Salviano
Conto de Breno Accioly publicado no Diário Carioca de 18 de agosto de 1957
Breno Accioly
*Conto publicado no Diário Carioca de 18 de agosto de 1957.
Fica vazia a morgue e as rosas que murchavam em coroas, enormes coroas encostadas nas paredes, não deixam mais à mostra aquelas letras que douravam as largas fitas roxas.
Automóveis levaram-nas. Levaram em seguida os castiçais enormes de velas intermináveis e não demorará que também carreguem o esquife, retirem do cadafalso o cadáver que olha para cima sem poder ver o teto.
Esqueceram-se de fechar-lhe os olhos, de passar-lhe um lenço por debaixo do queixo e atá-lo na cabeça também olvidaram. De quando em vez da boca aberta sai uma mosca e pousando sempre e sempre nos dentes que os lábios repuxados não conseguem encobrir, outras moscas, asas de pouso incerto, volteando às cavernas do nariz afilado, adejam e descansam na testa sem cor.
É um cadáver sem dono o corpo de Salviano. Se alguém lhe velou a morte foi por conveniência. Se alguém lhe chorou a desgraça não foi por amor.
De tanto odiarem a morte inesperada de Salviano viram-no de longe, aceitaram o seu enterro como um sacrifício a cumprir e de comum acordo concordaram os parentes fosse o sepultamento no mesmo dia.
Há cinco horas, apenas desde o meio-dia Salviano usa uma gravata que nunca mais será deslaçada. Já mandaram retirar todas as coroas, agora nenhuma vela de chama impassível se encontra acesa.
Querem enterrar Salviano agora mesmo. Querem enterrá-lo antes. Que Adília chegue do engenho, antes de Adília saber que Salviano é um defunto, querem vê-lo no cemitério, à beira da cova aberta às pressas querem o caixão do desgraçado, caixão sem ouropel nem alças douradas.
O coveiro gorjeteado espera e se a petição dirigida ao Chefe de Polícia tiver sido deferida não demorará que o coveiro trabalhe, comece a encher o buraco que ele mesmo abriu.
A tarde avança, nuvens cinzentas da noite que chega embrumam a paisagem e o crepúsculo se denunciando prematuro desfalece o sol que se afoga lá pras bandas da lagoa.
Nada resta a fazer. Quando receberem o deferimento do Chefe de Polícia fecharão o caixão com marteladas sucessivas, e depois de carregarem o esquife com pressa com pressa entregarem ao coveiro o cadáver que será jogado numa sepultura rasa depois de terem feito tudo isso com a morte súbita de Salviano, voltarão para casa, como se houvessem enterrado um condenado; entrarão nos automóveis e, sem nenhuma crispação nos rostos embrutecidos, afastar-se-ão da morgue que não escutou choro nem lamentação.

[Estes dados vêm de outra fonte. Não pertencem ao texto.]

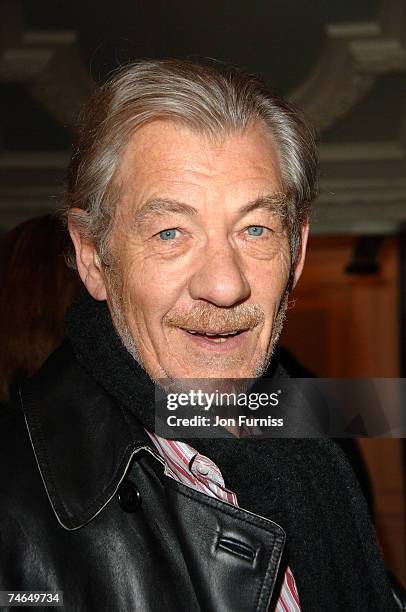 Sir Ian McKellen at the Aldwych Theatre in London, United Kingdom.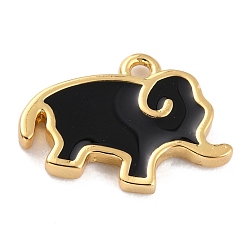 Black Golden Brass Enamel Pendants, Long-Lasting Plated, Elephant, Black, 9.5x13x1.5mm, Hole: 1.2mm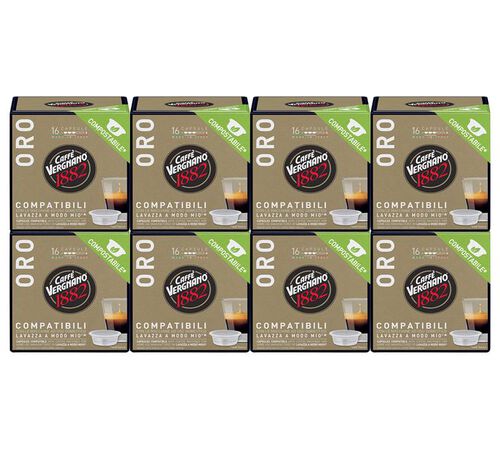 128 Capsules compostables compatibles A Modo Mio Lavazza Oro - CAFFE VERGNANO
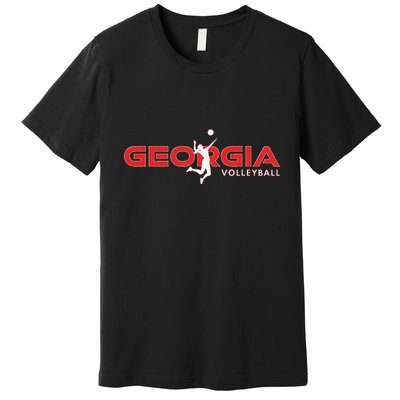 Court Game Ga Team Atlanta Georgia Volleyball Player Premium T-Shirt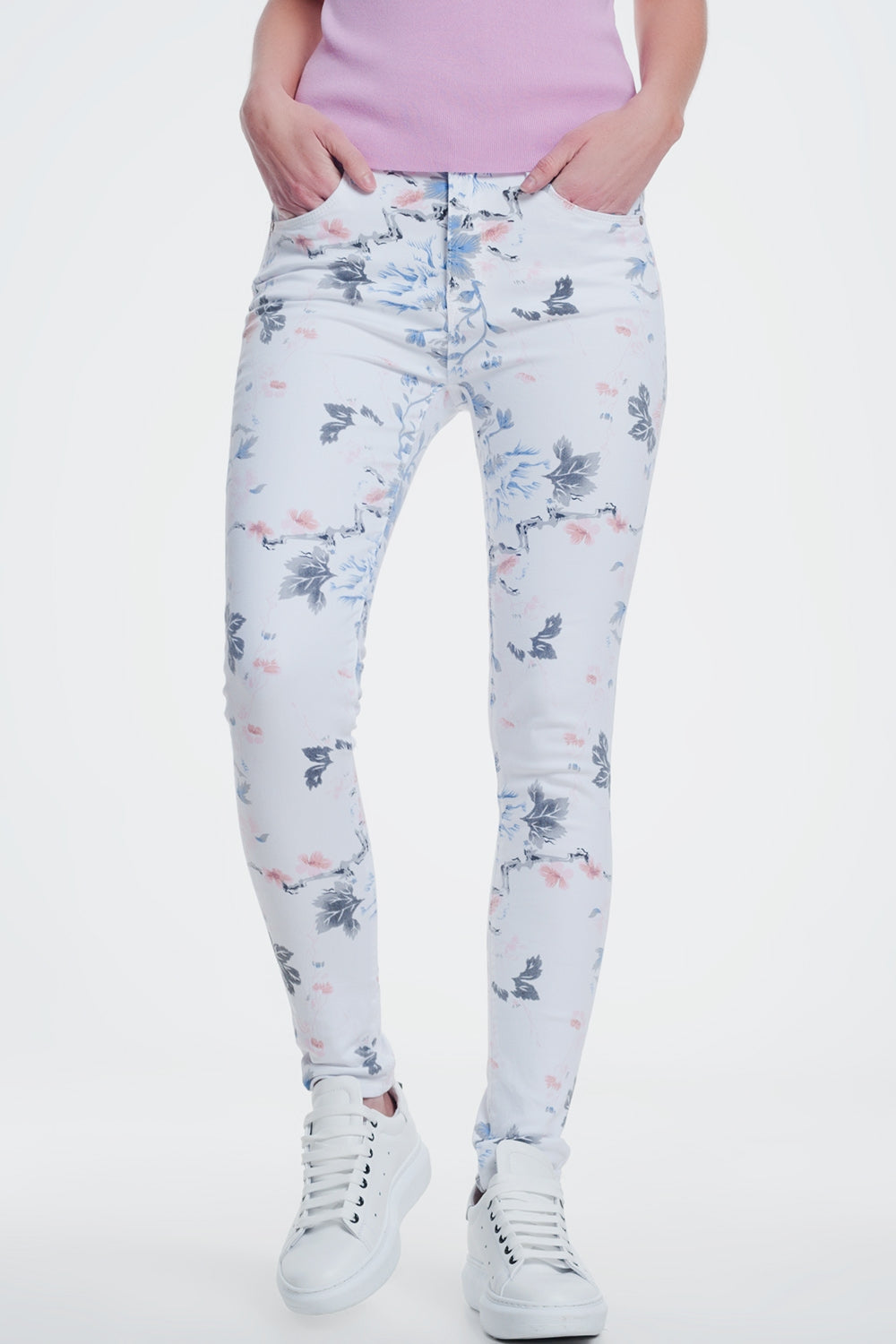 White skinny pants with floral print | Just Cool Beans — jeans | bottoms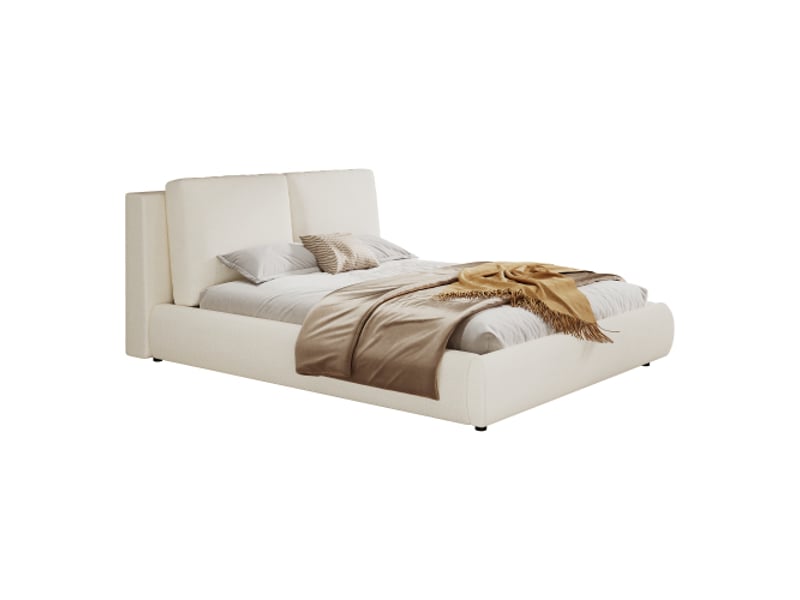 Lit coffre hydraulique 180x200 cm avec sommier à lattes grand rangement tête de lit rembourrée 12 cm bouclé beige - Conforama A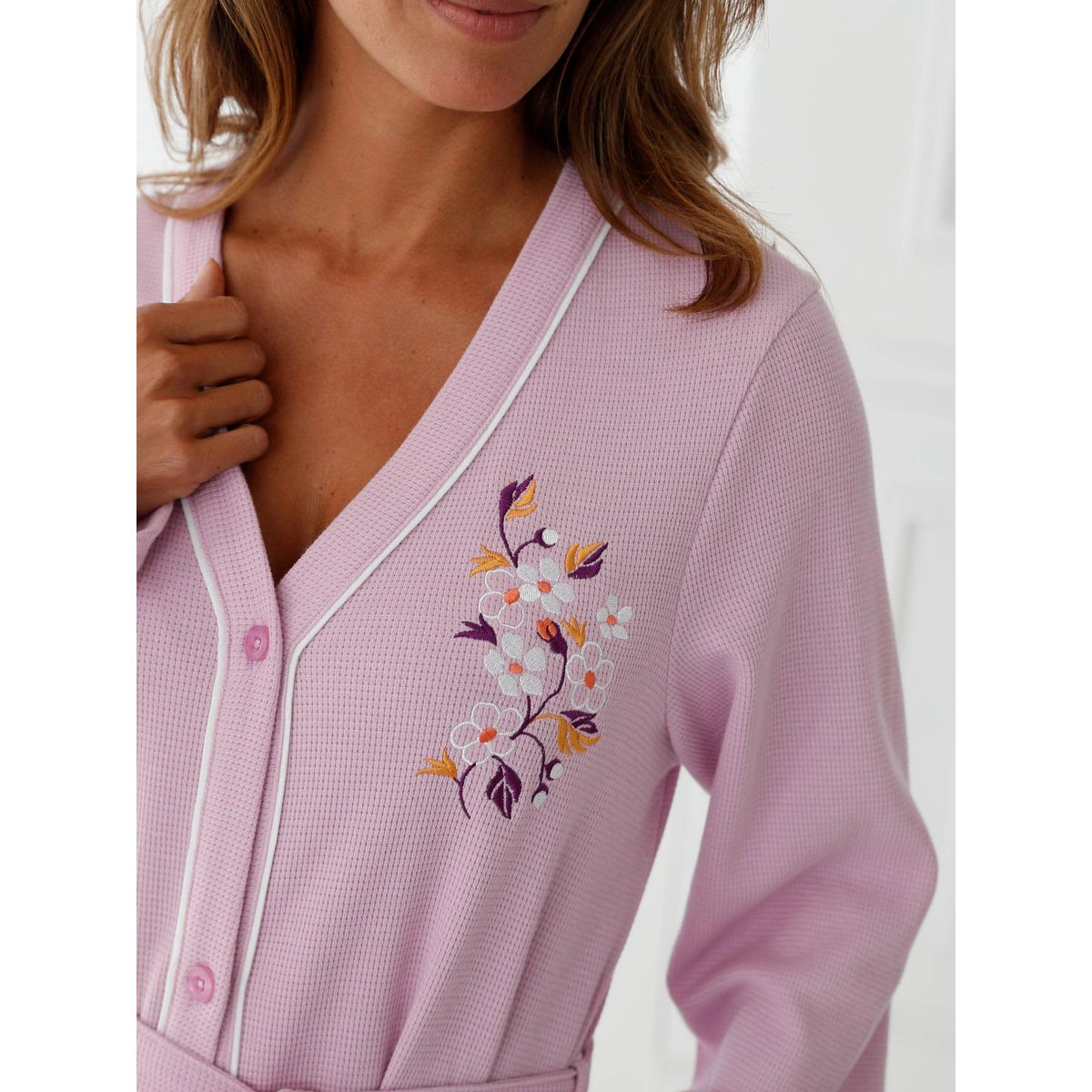 Peignoir maille nid d'abeille lilas, DAXON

Maceió pela primeira vez assiste a tamanho despropósito.
Nem os leprosos que morrem em isolamentos, pavilhões distantes de um bairro sem condução, jamais foram enterrados com tanta ânsia. Esperam um dia e uma noite, sempre esperaram vinte e quatro horas para levantar a parede de tijolos do carneiro aberto.
Todavia, na casa da amante o Chefe de Polícia se encontra e quando a amante o afaga nem o Governador tem força para interromper a carícia que se prolonga, interminável enlevo nunca interrompido.
Porta com aldraba, janelas cerradas, quintal policiado por um cão que não teme revólver nem cacete, é a casa da amante do Chefe de Polícia, construção antiga, achalezada. sem platibanda.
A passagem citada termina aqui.